I have a problem with the parallel version of a numerical simulation program for smoke and heat transport from fires, which is called FDS (see www.fds-smv.net). This program is written in Fortran90 (except of one routine in C) and compiled with the Intel 10.1 compiler. FDS can be executed in a serial as well as a parallel way. During the last years I used FDS on a Linux-cluster of up to 18 Intel-Xeon nodes without namable problems. Now, I am concerned with the porting of FDS to a new Windows cluster. The first problem consisted in the fact that I had to use several additional compiler options (/Qftz /fpe3 /Qzero) to get the code to run.
Now, the code can be started on different numbers of processors of the Windows-cluster without any problem, but the runtime behaviour is different from that on the Linux-cluster: The code runs for many hours (normal applications may take one or more weeks!), then it stagnates while still having the indication 'Running' in the job manager of the Windows HPC cluster. Obviously there are some problems with the MPI-communication routines: Several processes seem to wait for others (staying employed), resp. they iterate much faster than other ones although each iteration uses a MPI_BARRIER-command for synchronization!!

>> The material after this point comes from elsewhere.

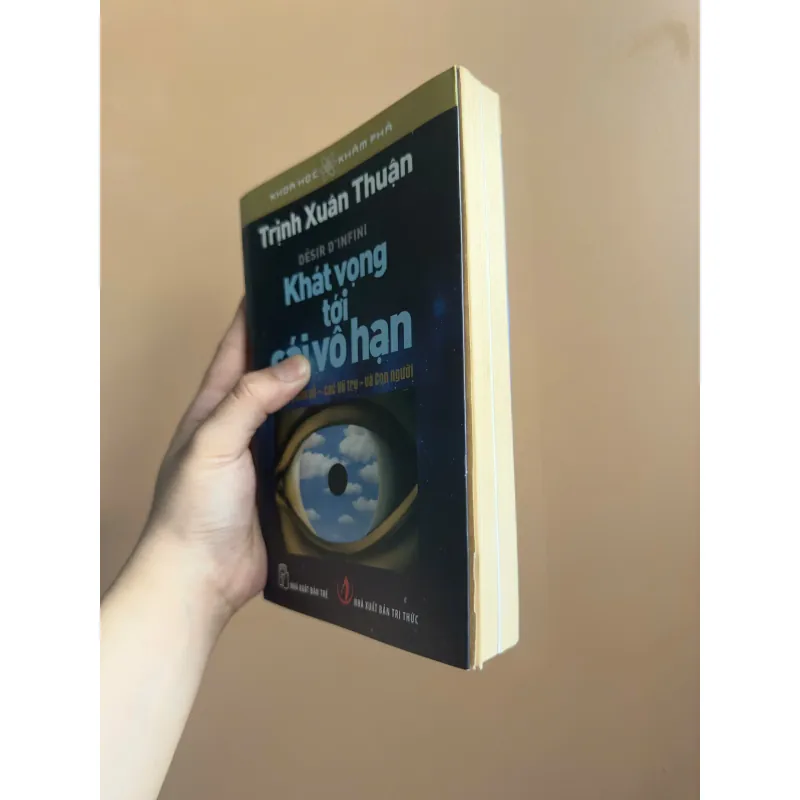Khát Vọng Tới Cái Vô Hạn -  Trịnh Xuân Thuận 737988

This problem doesn't occur at all on the Linux-Cluster where the same code with Intel compilation runs for weeks without any changing of the code!!! After searching and debugging for many days I haven't any idea what to do next and would be very grateful if somebody could give me an advice how this problem can be solved. Is this a known problem and has somebody else similar problems, respectively?
Many thanks in advance,
Could you please clarify which MPI implementation do you use? Do I understand right that you have Windows HPC 2008 based cluster?
I'm not familiar with your particular issue but the problem may be caused even an OS issue. For instance it wasknown problem in Windows Server 2003. A network communication program may stop respondingwhen you use Windows Server 2003 to implement Winsock Direct in a fast SAN environmenthttp://support.microsoft.com/?kbid=910481
many thanks for your reply! Yes, we use a Windows HPC 2008 cluster with the Microsoft-MPI-version MSMPI. Probably, it's worthwhile trying the standard MPI-version. It really seems to be a communication problem or at least to be related to something like that because it shouldn't be possible for single processes to start the next iteration if the others haven't passed the MPI_BARRIER-command in the precedent iteration before. But exactly this happens, particularly with hundreds of iterations difference between single processes! I will follow your hint and check, if their is a relation.

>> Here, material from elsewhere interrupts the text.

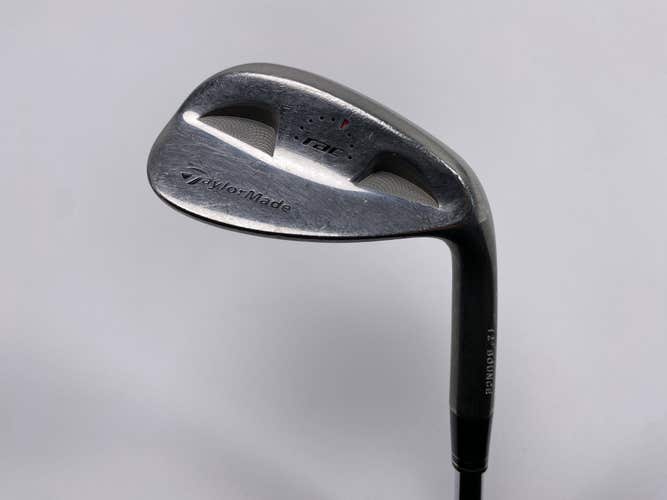 TaylorMade Rac Chrome Sand Wedge 56* 12 Bounce Wedge Steel Mens RH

Probably you may also want to try other MPI implementations and their various tuning options as well. Personally for me it is interesting to check the Intel MPI Library behavior in your environment. You may get an evaluation version at http://www.intel.com/go/mpi if you will decide to try it.
yes, I will do, because it can't be a problem of the code itself, but must have something to do with some system properties. And the biggest difference to the running Linux-version is the MPI-version. I will test the evaluation version as you mentioned.
Many thanks again